(EXERCISE DESCRIPTION)
Reproduce each line of the material exactly as it reads.
SUPPLIED ENTRIES Block Start
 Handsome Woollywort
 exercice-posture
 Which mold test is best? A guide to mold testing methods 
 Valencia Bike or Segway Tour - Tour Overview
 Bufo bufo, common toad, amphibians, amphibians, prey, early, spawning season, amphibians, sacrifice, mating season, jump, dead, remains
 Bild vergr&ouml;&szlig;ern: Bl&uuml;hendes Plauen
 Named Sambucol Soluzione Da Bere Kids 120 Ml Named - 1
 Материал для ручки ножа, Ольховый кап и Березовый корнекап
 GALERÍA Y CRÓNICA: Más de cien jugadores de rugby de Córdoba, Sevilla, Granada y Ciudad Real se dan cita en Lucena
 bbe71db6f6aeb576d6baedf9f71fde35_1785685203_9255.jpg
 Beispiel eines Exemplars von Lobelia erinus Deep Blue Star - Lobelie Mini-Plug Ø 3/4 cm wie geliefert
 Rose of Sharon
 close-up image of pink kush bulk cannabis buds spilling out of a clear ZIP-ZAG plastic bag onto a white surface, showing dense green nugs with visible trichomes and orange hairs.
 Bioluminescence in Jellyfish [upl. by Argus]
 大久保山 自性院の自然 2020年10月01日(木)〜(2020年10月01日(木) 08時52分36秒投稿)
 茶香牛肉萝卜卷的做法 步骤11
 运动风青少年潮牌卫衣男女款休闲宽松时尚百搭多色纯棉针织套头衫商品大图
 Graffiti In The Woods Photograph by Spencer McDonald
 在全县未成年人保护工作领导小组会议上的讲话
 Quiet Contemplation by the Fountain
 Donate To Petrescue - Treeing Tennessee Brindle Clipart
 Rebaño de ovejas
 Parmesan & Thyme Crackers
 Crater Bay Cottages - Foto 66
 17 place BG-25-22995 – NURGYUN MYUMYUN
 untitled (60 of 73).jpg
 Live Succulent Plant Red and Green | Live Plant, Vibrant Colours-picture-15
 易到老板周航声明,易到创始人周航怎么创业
SUPPLIED ENTRIES Block End
(SOLUTION)
 Handsome Woollywort
 exercice-posture
 Which mold test is best? A guide to mold testing methods 
 Valencia Bike or Segway Tour - Tour Overview
 Bufo bufo, common toad, amphibians, amphibians, prey, early, spawning season, amphibians, sacrifice, mating season, jump, dead, remains
 Bild vergr&ouml;&szlig;ern: Bl&uuml;hendes Plauen
 Named Sambucol Soluzione Da Bere Kids 120 Ml Named - 1
 Материал для ручки ножа, Ольховый кап и Березовый корнекап
 GALERÍA Y CRÓNICA: Más de cien jugadores de rugby de Córdoba, Sevilla, Granada y Ciudad Real se dan cita en Lucena
 bbe71db6f6aeb576d6baedf9f71fde35_1785685203_9255.jpg
 Beispiel eines Exemplars von Lobelia erinus Deep Blue Star - Lobelie Mini-Plug Ø 3/4 cm wie geliefert
 Rose of Sharon
 close-up image of pink kush bulk cannabis buds spilling out of a clear ZIP-ZAG plastic bag onto a white surface, showing dense green nugs with visible trichomes and orange hairs.
 Bioluminescence in Jellyfish [upl. by Argus]
 大久保山 自性院の自然 2020年10月01日(木)〜(2020年10月01日(木) 08時52分36秒投稿)
 茶香牛肉萝卜卷的做法 步骤11
 运动风青少年潮牌卫衣男女款休闲宽松时尚百搭多色纯棉针织套头衫商品大图
 Graffiti In The Woods Photograph by Spencer McDonald
 在全县未成年人保护工作领导小组会议上的讲话
 Quiet Contemplation by the Fountain
 Donate To Petrescue - Treeing Tennessee Brindle Clipart
 Rebaño de ovejas
 Parmesan & Thyme Crackers
 Crater Bay Cottages - Foto 66
 17 place BG-25-22995 – NURGYUN MYUMYUN
 untitled (60 of 73).jpg
 Live Succulent Plant Red and Green | Live Plant, Vibrant Colours-picture-15
 易到老板周航声明,易到创始人周航怎么创业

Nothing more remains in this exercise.